The goal is for them to be a small family (just a few shaders) to cover most of the shading needs for most games.
They are intended to be fast, single-pass shaders, rich in their feature set, and well grounded in Physics and Optics, –as opposed to flashy but not-too-real-looking, run of the mill shaders.
And the philosophy is to do things well that really matter to the eye, such as Fresnel, but to save instructions when it comes to hard-to-notice and too expensive subtleties; –i.e.: There are more efficient ways to achieve good-looking ambient shadowing than to use 17 spherical harmonics; and there are more efficient ways to show well differentiated materials than to use a full, nine-texture, BRDF shader…
The flagship of the family is CineMut Opaque, which currently can depict realistic metals, paints and plastics, as well as matte materials.
Among its many features,
- Materials are characterized in a more physics-oriented way than the standard diffuse color plus specular color –which can easily be used to create materials that don't and can't exist; and you need to be a scientist to use correctly.

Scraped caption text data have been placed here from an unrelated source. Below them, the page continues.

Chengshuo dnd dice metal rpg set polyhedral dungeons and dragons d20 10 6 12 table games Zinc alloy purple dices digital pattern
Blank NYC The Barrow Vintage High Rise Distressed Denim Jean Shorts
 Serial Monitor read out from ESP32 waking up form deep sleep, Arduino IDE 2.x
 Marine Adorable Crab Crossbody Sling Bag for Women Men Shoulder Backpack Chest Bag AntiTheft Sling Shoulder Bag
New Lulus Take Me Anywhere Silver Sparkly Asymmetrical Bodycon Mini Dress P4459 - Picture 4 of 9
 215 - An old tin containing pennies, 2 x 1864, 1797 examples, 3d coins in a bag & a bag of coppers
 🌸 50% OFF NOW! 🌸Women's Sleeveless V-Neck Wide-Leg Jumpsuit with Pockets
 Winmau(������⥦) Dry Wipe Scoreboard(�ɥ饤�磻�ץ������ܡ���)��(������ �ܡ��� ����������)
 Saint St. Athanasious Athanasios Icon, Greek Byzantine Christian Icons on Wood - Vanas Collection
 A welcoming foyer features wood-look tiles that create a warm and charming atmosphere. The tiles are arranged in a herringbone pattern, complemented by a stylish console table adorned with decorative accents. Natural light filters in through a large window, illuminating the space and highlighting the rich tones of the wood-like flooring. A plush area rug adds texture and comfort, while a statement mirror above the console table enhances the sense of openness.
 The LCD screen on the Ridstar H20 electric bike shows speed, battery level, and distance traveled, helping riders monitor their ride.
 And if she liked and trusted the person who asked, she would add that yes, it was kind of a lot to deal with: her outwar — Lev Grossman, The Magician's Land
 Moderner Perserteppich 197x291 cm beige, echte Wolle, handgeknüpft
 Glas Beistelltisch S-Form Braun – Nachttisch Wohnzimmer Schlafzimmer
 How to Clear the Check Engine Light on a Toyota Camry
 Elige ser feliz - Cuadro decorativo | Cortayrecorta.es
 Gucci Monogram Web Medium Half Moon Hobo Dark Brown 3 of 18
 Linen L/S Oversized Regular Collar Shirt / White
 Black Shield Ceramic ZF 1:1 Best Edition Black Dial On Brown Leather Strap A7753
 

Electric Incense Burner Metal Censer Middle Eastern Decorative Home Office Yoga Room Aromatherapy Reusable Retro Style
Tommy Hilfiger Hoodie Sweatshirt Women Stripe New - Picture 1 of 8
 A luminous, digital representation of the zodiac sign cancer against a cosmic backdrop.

Currently, a material is specified by a single color (“albedo”), a metallic specularity versus diffuse ratio, a dielectric constant, a dielectric purity of the surface, a glossiness, a glossiness purity, two channels for anisotropy, a few “detail control” channels, a mix-in diffuse channel for alpha-blending rust or dirt, and a set of “damage” channels.
- Fresnel is computed using the full Fresnel equation, using the specified dielectric constant for the material. NO rough approximations are used; it's the real thing: the full Fresnel equation for un-polarized light.
- Multiple inner bounces of light in 2-layer materials, such as paints, are taken into account.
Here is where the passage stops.